━━━━━ Data for this task
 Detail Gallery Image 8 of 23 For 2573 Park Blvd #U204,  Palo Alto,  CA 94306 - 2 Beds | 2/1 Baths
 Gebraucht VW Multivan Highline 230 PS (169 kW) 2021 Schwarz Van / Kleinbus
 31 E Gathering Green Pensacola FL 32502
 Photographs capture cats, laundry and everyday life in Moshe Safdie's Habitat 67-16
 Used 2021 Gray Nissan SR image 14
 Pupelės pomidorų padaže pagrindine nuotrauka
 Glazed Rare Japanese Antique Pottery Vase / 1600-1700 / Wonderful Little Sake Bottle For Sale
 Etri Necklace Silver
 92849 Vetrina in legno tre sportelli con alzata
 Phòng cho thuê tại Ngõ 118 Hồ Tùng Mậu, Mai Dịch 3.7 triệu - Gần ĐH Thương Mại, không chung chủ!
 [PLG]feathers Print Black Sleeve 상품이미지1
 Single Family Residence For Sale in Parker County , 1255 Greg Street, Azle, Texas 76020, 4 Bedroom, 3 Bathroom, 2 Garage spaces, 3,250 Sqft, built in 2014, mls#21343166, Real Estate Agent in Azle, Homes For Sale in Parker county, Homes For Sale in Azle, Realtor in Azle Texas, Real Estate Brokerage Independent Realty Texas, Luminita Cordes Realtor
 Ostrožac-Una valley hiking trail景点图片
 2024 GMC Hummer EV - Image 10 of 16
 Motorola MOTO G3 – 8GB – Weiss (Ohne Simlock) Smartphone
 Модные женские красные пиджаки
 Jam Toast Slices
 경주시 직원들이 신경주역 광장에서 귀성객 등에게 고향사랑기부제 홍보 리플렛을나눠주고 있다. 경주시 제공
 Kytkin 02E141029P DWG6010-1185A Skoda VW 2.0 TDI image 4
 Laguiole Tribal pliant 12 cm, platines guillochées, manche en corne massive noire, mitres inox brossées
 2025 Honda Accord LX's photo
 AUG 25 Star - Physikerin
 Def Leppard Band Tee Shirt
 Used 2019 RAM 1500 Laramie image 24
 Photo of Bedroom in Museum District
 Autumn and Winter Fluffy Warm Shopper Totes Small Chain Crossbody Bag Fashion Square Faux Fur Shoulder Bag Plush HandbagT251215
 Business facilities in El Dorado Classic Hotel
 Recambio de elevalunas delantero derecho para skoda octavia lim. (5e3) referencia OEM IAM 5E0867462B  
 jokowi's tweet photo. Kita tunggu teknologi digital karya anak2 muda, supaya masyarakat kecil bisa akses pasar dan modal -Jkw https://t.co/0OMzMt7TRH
━━━━━━━━━━
Of the entries listed above, reproduce only the lines starting at the line containing "Etri Necklace Silver" and ending at the line containing "[PLG]feathers Print Black Sleeve 상품이미지1". Include both, exactly as they stand.

▶ _Response for this exercise_:
 Etri Necklace Silver
 92849 Vetrina in legno tre sportelli con alzata
 Phòng cho thuê tại Ngõ 118 Hồ Tùng Mậu, Mai Dịch 3.7 triệu - Gần ĐH Thương Mại, không chung chủ!
 [PLG]feathers Print Black Sleeve 상품이미지1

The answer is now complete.